_About this exercise_
Of the material below, the lines to be retyped are those from the line containing "Hochzeitshintergründe(Blue,2Packs) von ZBORAVPIX" through the line containing "Mango-Lauchcurry mit Reis", inclusive; reproduce them exactly.

_Information provided_
=== Begin Enclosure ===

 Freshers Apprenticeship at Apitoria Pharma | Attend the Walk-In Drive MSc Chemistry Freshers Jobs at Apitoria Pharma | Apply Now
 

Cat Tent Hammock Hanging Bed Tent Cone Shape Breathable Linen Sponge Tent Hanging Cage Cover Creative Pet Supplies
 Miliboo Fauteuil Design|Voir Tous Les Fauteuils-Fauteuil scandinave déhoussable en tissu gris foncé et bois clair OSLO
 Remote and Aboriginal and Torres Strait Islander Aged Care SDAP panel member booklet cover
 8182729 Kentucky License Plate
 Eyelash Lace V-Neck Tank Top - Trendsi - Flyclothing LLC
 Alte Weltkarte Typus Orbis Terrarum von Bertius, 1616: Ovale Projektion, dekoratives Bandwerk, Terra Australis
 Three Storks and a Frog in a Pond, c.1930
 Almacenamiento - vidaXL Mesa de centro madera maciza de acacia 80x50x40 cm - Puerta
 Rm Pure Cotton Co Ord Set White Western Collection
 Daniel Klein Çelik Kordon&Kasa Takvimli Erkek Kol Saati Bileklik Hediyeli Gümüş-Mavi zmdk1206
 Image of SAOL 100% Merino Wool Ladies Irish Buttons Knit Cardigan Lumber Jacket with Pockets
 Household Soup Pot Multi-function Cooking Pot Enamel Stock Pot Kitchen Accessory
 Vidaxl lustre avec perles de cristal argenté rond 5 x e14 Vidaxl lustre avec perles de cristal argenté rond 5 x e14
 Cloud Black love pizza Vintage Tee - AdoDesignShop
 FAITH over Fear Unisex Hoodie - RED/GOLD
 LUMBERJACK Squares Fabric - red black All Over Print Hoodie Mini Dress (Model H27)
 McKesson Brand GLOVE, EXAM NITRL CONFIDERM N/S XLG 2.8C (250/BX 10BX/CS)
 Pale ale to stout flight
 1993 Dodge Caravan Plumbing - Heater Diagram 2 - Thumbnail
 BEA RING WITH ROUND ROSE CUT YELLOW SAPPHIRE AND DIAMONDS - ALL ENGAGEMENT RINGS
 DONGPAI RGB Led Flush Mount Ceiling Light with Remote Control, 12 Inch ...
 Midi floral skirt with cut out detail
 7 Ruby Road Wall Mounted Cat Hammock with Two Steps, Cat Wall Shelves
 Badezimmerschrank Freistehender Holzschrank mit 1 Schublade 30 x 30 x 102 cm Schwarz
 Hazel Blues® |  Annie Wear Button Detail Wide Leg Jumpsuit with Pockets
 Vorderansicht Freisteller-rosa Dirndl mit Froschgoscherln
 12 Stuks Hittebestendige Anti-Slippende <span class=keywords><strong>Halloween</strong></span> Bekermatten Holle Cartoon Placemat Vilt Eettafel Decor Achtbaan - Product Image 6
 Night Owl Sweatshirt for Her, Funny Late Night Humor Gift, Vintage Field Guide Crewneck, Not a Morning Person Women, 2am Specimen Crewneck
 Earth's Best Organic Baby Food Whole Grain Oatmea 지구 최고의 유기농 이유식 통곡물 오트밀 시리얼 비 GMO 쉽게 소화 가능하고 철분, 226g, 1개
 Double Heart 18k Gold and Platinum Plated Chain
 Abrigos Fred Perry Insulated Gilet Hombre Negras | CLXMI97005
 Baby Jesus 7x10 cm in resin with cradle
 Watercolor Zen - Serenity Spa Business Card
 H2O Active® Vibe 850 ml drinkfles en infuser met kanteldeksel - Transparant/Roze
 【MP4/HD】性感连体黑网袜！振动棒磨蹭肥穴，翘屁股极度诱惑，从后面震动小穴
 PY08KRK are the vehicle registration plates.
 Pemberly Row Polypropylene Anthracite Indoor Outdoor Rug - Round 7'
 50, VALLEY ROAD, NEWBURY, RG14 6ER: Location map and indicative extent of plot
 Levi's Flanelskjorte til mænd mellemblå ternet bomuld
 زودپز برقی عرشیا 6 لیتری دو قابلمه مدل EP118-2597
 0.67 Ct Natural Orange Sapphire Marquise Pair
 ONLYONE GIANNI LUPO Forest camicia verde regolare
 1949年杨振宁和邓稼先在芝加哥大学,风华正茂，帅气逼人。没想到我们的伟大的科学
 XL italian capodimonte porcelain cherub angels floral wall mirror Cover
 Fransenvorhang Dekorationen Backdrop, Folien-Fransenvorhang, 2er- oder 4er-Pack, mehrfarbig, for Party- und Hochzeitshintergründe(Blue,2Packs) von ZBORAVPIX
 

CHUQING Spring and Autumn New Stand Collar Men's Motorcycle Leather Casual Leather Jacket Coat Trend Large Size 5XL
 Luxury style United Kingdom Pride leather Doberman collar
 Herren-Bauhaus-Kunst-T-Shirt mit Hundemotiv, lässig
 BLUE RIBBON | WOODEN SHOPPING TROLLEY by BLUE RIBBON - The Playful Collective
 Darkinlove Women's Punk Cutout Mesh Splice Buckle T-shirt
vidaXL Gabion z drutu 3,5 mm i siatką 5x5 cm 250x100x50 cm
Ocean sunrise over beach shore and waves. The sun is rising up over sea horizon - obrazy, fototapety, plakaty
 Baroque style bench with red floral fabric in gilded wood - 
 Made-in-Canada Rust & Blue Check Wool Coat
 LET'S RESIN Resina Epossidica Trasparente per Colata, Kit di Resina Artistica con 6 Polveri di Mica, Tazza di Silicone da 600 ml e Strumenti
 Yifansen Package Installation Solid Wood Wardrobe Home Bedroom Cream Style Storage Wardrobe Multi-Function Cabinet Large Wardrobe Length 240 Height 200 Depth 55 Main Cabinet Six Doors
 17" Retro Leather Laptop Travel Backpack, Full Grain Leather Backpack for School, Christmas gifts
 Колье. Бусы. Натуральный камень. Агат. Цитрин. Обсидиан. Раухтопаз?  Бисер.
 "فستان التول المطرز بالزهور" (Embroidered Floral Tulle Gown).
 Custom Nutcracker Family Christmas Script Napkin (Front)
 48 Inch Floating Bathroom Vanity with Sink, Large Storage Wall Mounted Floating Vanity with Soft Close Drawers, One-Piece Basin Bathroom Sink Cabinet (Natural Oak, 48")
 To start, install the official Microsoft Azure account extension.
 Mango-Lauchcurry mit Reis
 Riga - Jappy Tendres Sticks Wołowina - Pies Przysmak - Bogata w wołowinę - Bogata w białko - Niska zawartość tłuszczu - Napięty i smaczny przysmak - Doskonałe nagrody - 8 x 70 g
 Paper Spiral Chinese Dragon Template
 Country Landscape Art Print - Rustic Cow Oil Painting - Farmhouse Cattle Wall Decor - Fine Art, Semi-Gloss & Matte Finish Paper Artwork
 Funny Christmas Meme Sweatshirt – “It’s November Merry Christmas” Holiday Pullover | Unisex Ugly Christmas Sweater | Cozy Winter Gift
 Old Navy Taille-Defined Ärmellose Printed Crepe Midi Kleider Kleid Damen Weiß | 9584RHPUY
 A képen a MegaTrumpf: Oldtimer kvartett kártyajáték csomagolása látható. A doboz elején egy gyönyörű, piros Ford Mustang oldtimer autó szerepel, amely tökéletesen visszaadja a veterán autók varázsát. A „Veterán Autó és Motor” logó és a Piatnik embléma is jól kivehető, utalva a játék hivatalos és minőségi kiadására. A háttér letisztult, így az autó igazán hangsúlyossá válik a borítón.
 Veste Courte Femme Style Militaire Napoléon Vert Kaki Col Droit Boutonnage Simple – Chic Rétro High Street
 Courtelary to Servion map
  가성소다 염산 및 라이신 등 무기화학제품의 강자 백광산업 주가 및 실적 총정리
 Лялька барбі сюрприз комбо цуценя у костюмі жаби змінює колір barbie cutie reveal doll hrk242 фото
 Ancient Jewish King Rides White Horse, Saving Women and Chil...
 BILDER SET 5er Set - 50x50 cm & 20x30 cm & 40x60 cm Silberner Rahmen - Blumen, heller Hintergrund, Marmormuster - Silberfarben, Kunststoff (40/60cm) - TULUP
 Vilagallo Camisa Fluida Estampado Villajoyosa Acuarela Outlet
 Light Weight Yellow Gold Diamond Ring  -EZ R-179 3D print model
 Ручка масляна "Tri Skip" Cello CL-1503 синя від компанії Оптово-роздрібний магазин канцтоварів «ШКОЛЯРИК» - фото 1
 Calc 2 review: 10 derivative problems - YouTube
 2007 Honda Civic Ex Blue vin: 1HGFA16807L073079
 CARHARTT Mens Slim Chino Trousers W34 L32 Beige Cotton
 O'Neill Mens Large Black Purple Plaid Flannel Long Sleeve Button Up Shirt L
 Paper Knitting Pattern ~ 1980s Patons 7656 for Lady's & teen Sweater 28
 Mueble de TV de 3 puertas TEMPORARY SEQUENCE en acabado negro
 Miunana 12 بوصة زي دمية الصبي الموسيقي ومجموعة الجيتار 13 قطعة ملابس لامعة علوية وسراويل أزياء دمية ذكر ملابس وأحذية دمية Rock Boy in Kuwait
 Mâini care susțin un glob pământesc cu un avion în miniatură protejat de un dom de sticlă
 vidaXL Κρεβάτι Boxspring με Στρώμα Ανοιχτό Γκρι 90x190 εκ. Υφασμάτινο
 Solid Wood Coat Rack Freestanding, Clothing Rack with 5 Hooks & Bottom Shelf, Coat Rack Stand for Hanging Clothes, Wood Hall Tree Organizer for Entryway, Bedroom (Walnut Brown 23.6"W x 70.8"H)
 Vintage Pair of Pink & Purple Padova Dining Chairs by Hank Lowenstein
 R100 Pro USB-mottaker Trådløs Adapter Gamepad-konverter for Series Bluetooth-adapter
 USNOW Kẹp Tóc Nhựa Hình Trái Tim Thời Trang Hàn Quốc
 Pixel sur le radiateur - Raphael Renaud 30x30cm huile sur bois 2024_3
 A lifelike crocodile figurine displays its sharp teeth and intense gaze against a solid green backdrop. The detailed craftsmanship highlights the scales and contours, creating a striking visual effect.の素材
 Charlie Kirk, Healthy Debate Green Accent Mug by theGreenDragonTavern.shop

=== End Enclosure ===

_Response area_
 Fransenvorhang Dekorationen Backdrop, Folien-Fransenvorhang, 2er- oder 4er-Pack, mehrfarbig, for Party- und Hochzeitshintergründe(Blue,2Packs) von ZBORAVPIX
 

CHUQING Spring and Autumn New Stand Collar Men's Motorcycle Leather Casual Leather Jacket Coat Trend Large Size 5XL
 Luxury style United Kingdom Pride leather Doberman collar
 Herren-Bauhaus-Kunst-T-Shirt mit Hundemotiv, lässig
 BLUE RIBBON | WOODEN SHOPPING TROLLEY by BLUE RIBBON - The Playful Collective
 Darkinlove Women's Punk Cutout Mesh Splice Buckle T-shirt
vidaXL Gabion z drutu 3,5 mm i siatką 5x5 cm 250x100x50 cm
Ocean sunrise over beach shore and waves. The sun is rising up over sea horizon - obrazy, fototapety, plakaty
 Baroque style bench with red floral fabric in gilded wood - 
 Made-in-Canada Rust & Blue Check Wool Coat
 LET'S RESIN Resina Epossidica Trasparente per Colata, Kit di Resina Artistica con 6 Polveri di Mica, Tazza di Silicone da 600 ml e Strumenti
 Yifansen Package Installation Solid Wood Wardrobe Home Bedroom Cream Style Storage Wardrobe Multi-Function Cabinet Large Wardrobe Length 240 Height 200 Depth 55 Main Cabinet Six Doors
 17" Retro Leather Laptop Travel Backpack, Full Grain Leather Backpack for School, Christmas gifts
 Колье. Бусы. Натуральный камень. Агат. Цитрин. Обсидиан. Раухтопаз?  Бисер.
 "فستان التول المطرز بالزهور" (Embroidered Floral Tulle Gown).
 Custom Nutcracker Family Christmas Script Napkin (Front)
 48 Inch Floating Bathroom Vanity with Sink, Large Storage Wall Mounted Floating Vanity with Soft Close Drawers, One-Piece Basin Bathroom Sink Cabinet (Natural Oak, 48")
 To start, install the official Microsoft Azure account extension.
 Mango-Lauchcurry mit Reis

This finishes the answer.